Exercise material:

----------

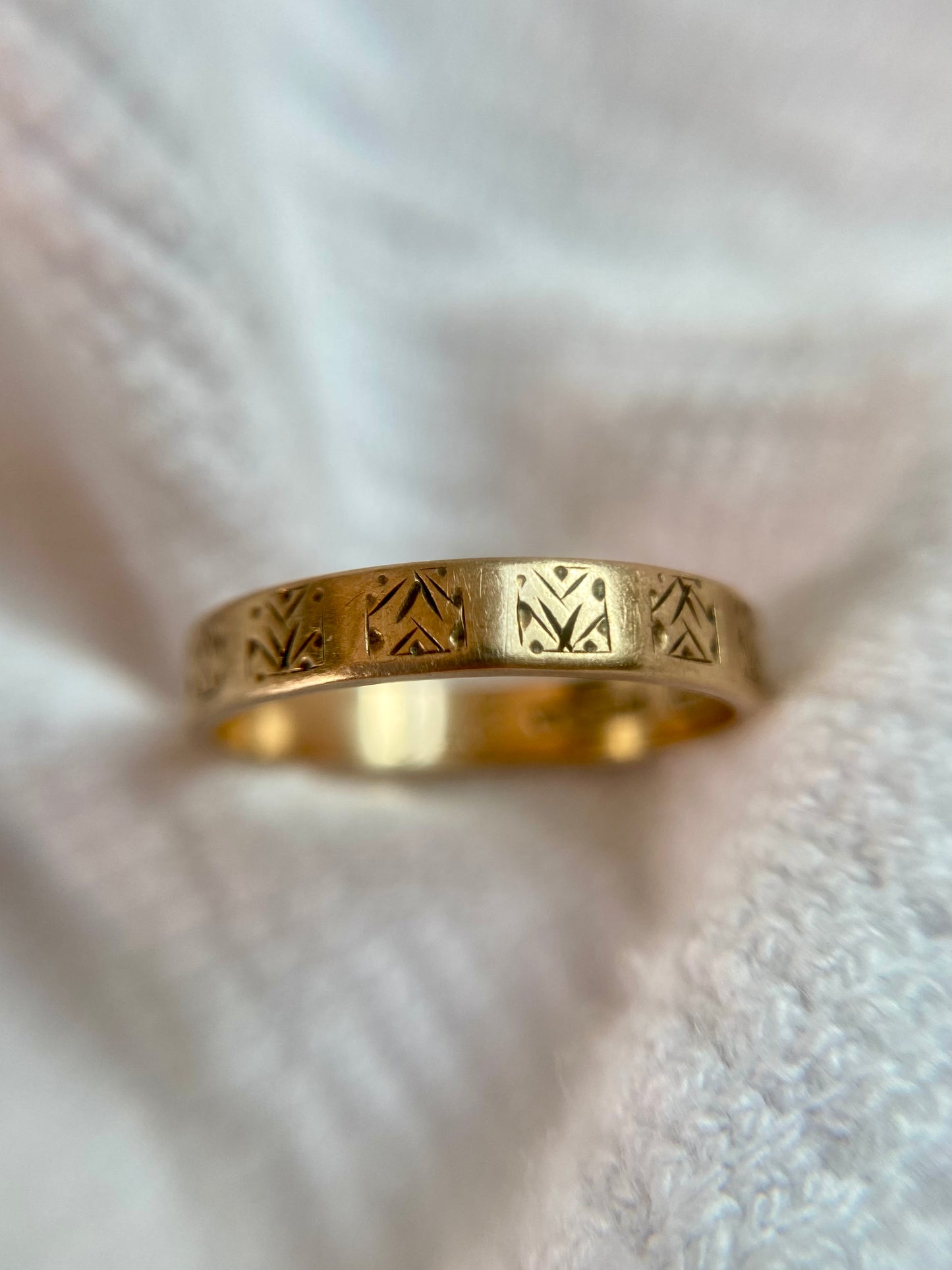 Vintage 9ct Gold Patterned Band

----------

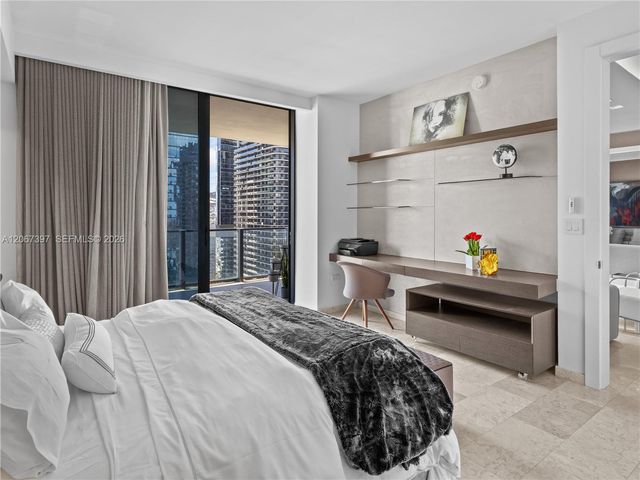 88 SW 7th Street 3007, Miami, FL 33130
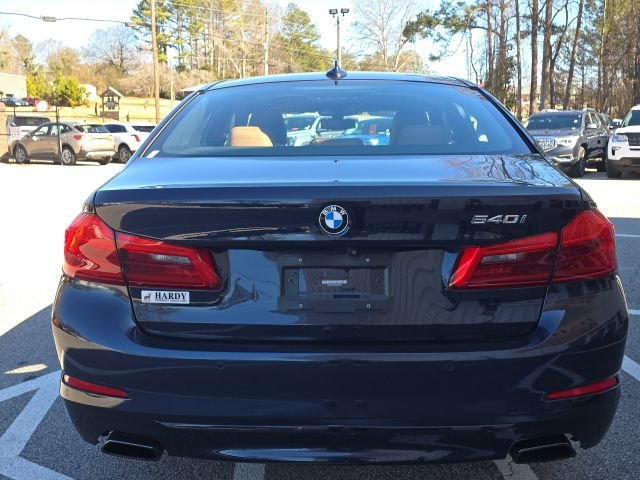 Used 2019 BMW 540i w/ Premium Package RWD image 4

----------

Problem statement: In the records above, find the line with "88 SW 7th Street 3007, Miami, FL 33130". Print exactly from there through the line with "Used 2019 BMW", minus the pictures.

Task solution:
 88 SW 7th Street 3007, Miami, FL 33130
 Used 2019 BMW 540i w/ Premium Package RWD image 4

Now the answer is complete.